‘The Idea of You’ Is Right About Society Hating Happy Women—Middle-Aged Ones Most of All

Here’s a story I rarely tell. When I was 22, I was briefly pursued by a famous singer. We met at an awards ceremony, exchanged numbers, and, for a couple of months, he left me several voicemails a week, asking me out. Don’t worry, I probably wouldn’t believe me either, which is why I made a friend listen to the messages in our office bathroom.

As far as I can remember, they were pretty charming and would stand up to scrutiny post-#MeToo. But he was older—almost 40—and persuasive, so there was a certain pressure to just go with the flow, even though the whole thing made me feel unsteady on my feet. When he invited me to accompany him out of town, I hesitated. I thought it would probably be fine (and I still want to think that), but my gut told me there was no way I would accept such an offer from a random bloke of his age. I’d think that was sleazy and predatory. I said no.

I tell you this now not to burnish my own ego, but because I’ve just seen The Idea of You, a new rom-com in which Anne Hathaway plays a 40-year-old art gallery owner, called Solène Marchand, who starts dating Hayes Campbell, the 24-year-old lead singer of internationally famous boyband August Moon (think One Direction 2.0).
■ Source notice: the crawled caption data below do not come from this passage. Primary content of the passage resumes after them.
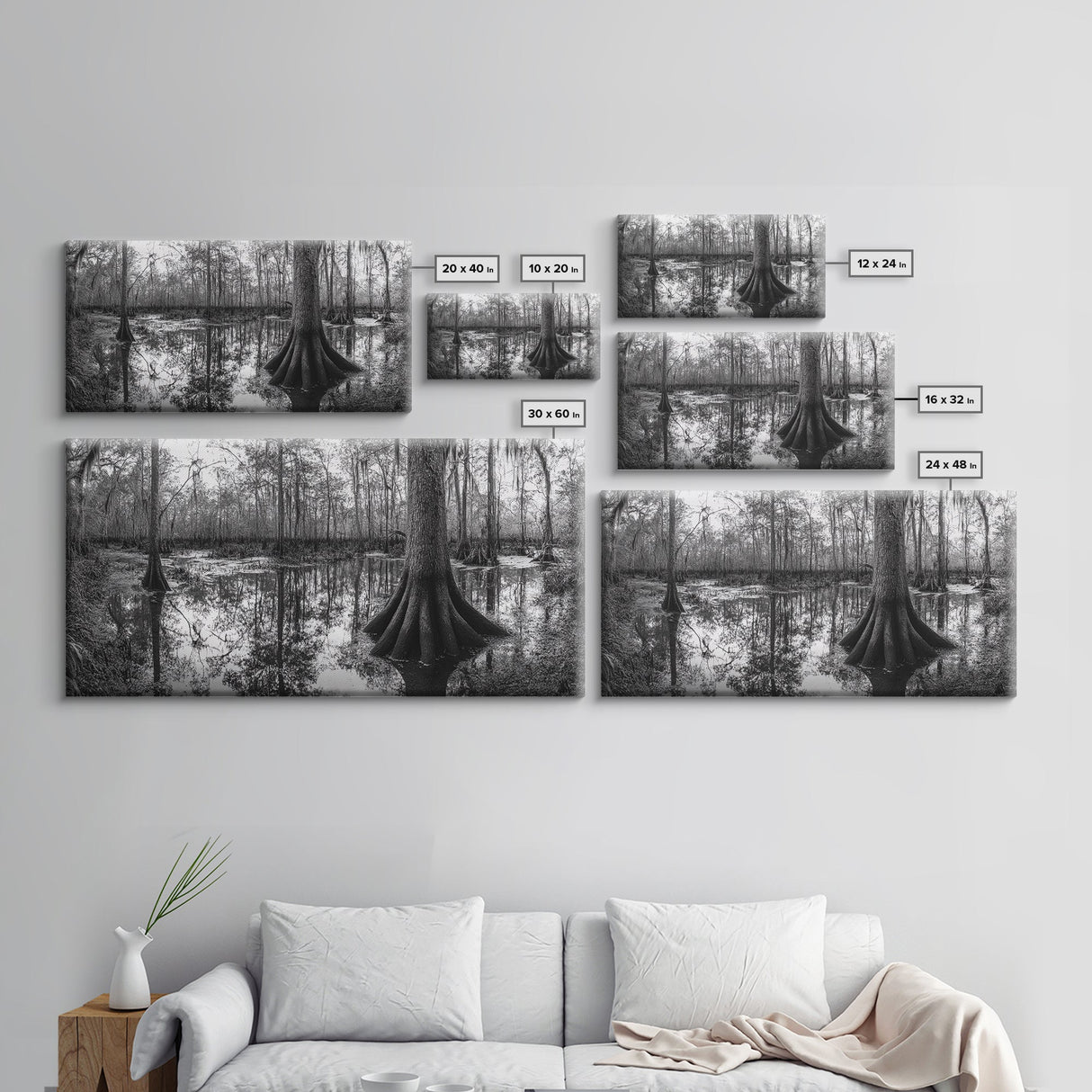 Swamp Trees, Cypress Water, Nature Reflections, Marsh Scene, Framed Canvas Print, rustic cabin decor, hallway wall art, forest wall print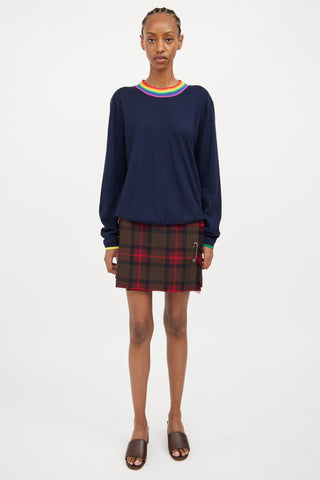 Burberry Navy 
Multi Rainbow Collar Wool Top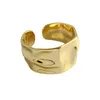 INS Cool Style Fashion Irregular Concave Convex Gold Silver Ring Temperament Electroplating Ring Female Opening Jewelry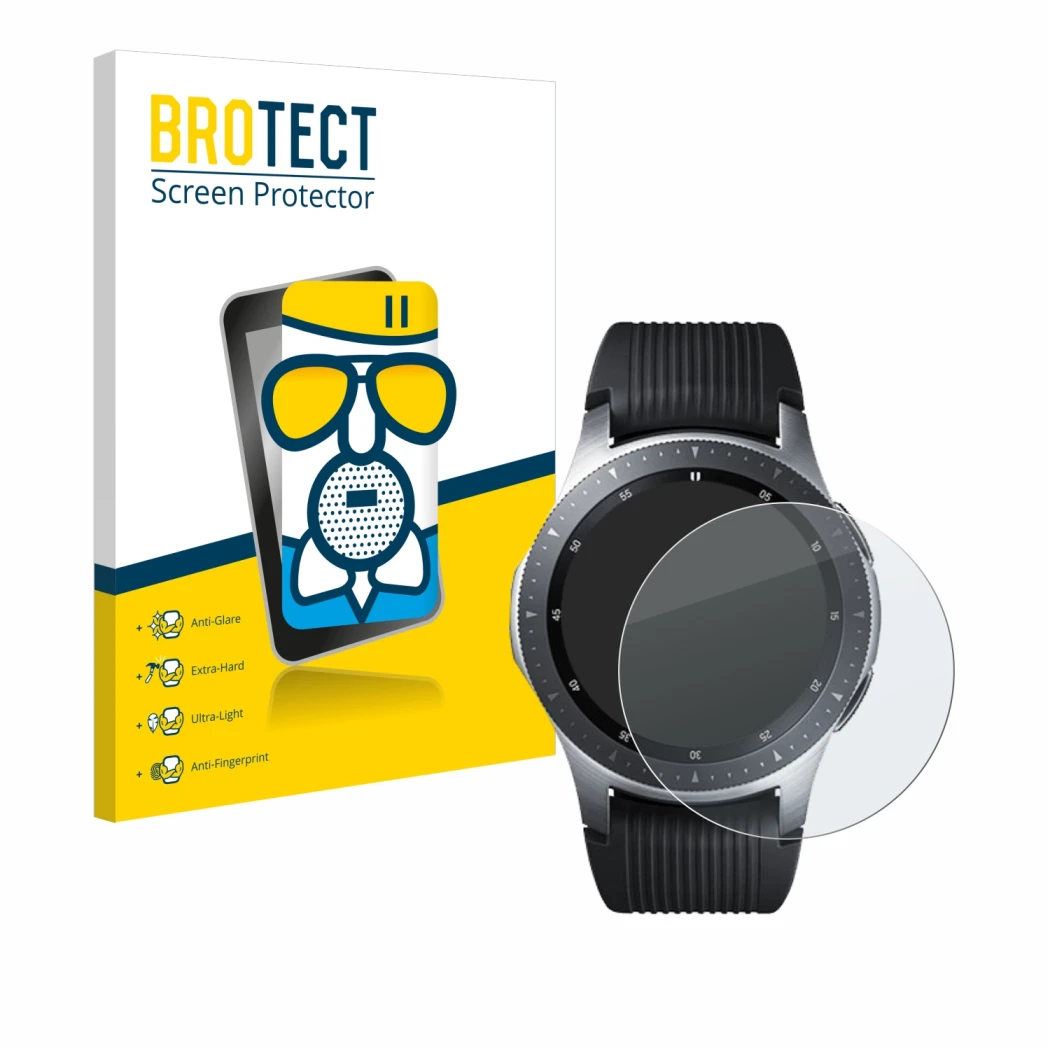 Front side of a product packaging with the brand logo BROTECT. Next to it is the device Samsung Galaxy Watch (46 mm) shown wit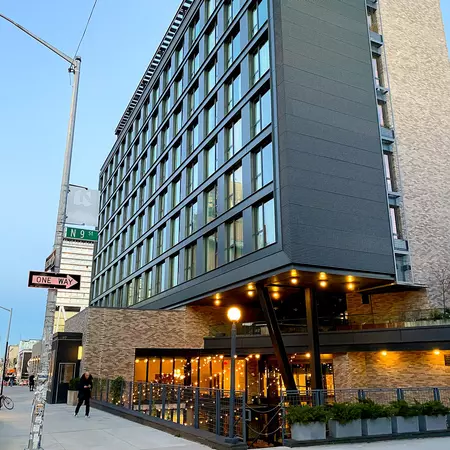 Street view of the Hoxton in Williamsburg, NYC.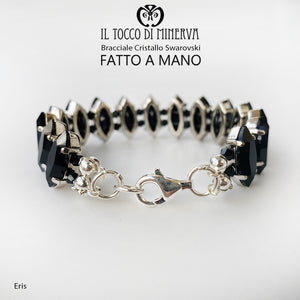 Bracciale Swarovski Eris Nero - Realizzato a mano - Il Tocco di Minerva
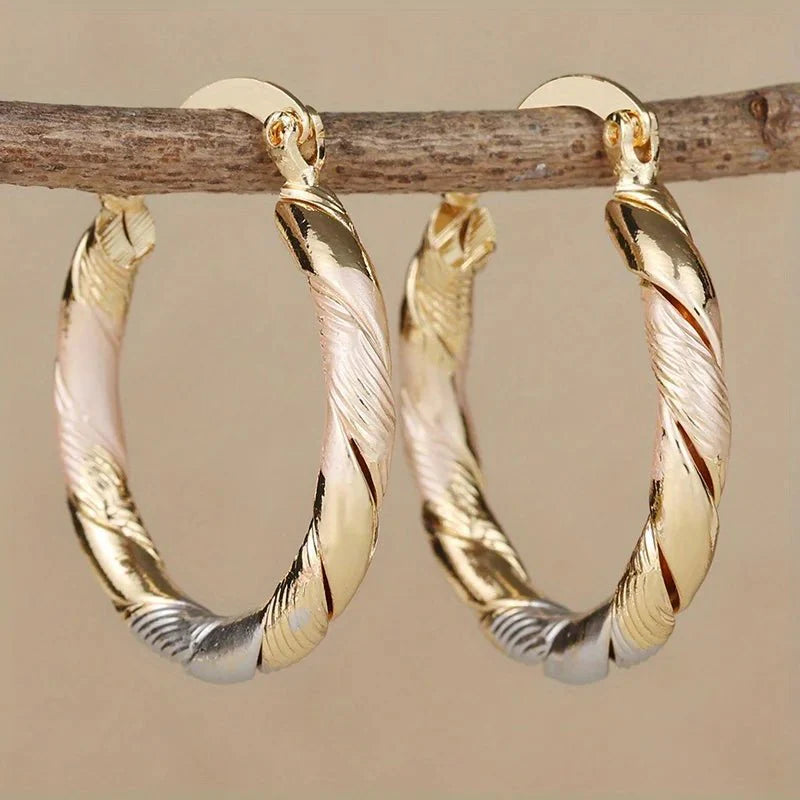 Triple contrast wrap hoop earrings 698754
In fact, the 2017 Robinne Lee novel on which it’s based is believed by many to be Harry Styles fan fiction.

The pair meet at Coachella, where Solène is chaperoning her 16-year-old daughter. Campbell pursues her and she agrees to accompany him on a trip out of town. You don’t have to try and imagine what happens when the tabloids catch wind of their relationship, because we’ve seen it play out in real life. “Hayes Caught With a Cougar” and “Sleaziest Mom of the Year?” are two of the film’s fictional headlines (“A passion for cougars!” was a real one when Styles began dating director Olivia Wilde, a decade his senior, in 2021).

Age-gap romances—particularly those in which the woman is older—are something we still struggle to understand. Despite an upward trend in famous women dating younger men and searches for age-gap relationships booming on dating apps, they’re still fetishized as something way outside the norm. Instead of seeing two people in love, or lust, we assume there must be something not quite right about one or both of them. It’s actually pretty depressing.